I'm in the middle of teaching a course titled Growing Disciples Intentionally at Western Seminary. The below insights from a few well-respected researchers at Harvard Business School seem to have struck a chord with my fellow disciples.
Summarizing, the researchers differentiate technical from adaptive change. Technical change is the outside change, what takes place 'on paper.' Adaptive change is the internal hoops we jump through in order to embrace the technical change.
In the end, the researchers assert people are not afraid of change. No, that part is okay. The scary part, the findings show, is the loss of something: pride, control, power, face, and so on. So, if you've ever shared an idea with another person only to be shut down, read on.
You're Scaring People
Excerpted from The Practice of Adaptive Leadership by Ronald Heifetz, Alexander Grashow, and Marty Linsky (Harvard Business Press)
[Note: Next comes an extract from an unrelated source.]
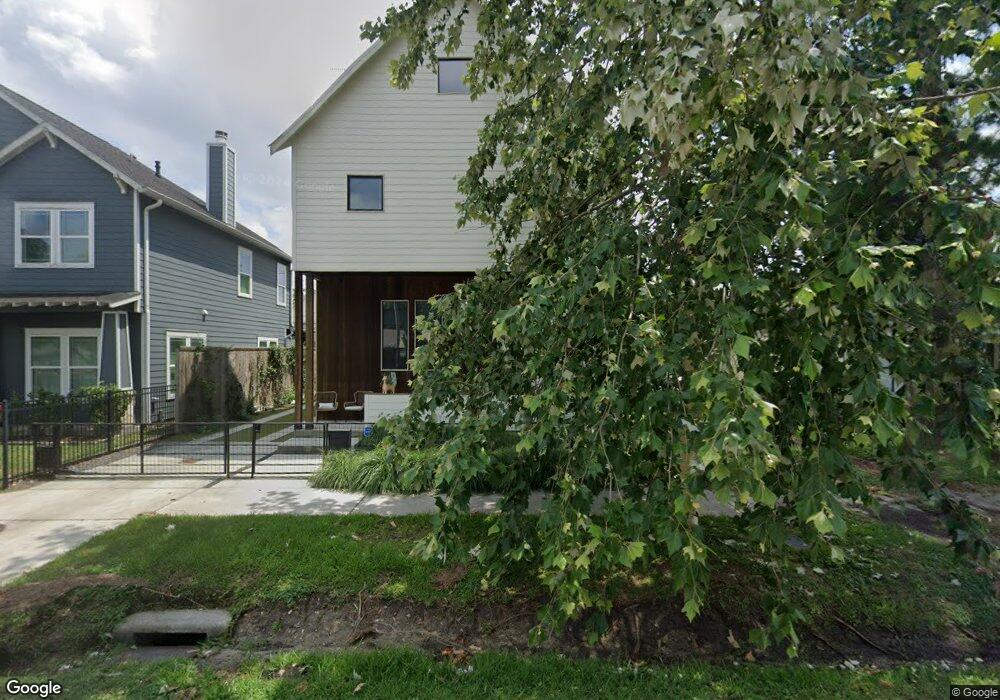 800 Algregg St, Houston, TX 77008 - photo 1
"There is a myth that drives many change initiatives into the ground: that the organization needs to change because it is broken. The reality is that any social system (including an organization or a country or a family) is the way it is because the people in that system (at least the individuals and factions with the most leverage) want it that way. In that sense, on the whole, on balance, the system is working fine, even though it may appear to be "dysfunctional" in some respects to some members and outside observers, and even though it faces danger just over the horizon. As our colleague Jeff Lawrence poignantly says, "There is no such thing as a dysfunctional organization, because every organization is perfectly aligned to get the results it currently gets" (2009:17).
"When you exercise adaptive leadership, your authorizers will push back, understandably. They hired you...or authorized you...and now you are doing something else: you are challenging the status quo, raising a taboo issue, pointing out contradictions between what people say they value and what they actually value. You are scaring people. They may want to rid of you and find someone else who will do their bidding" (2009:26).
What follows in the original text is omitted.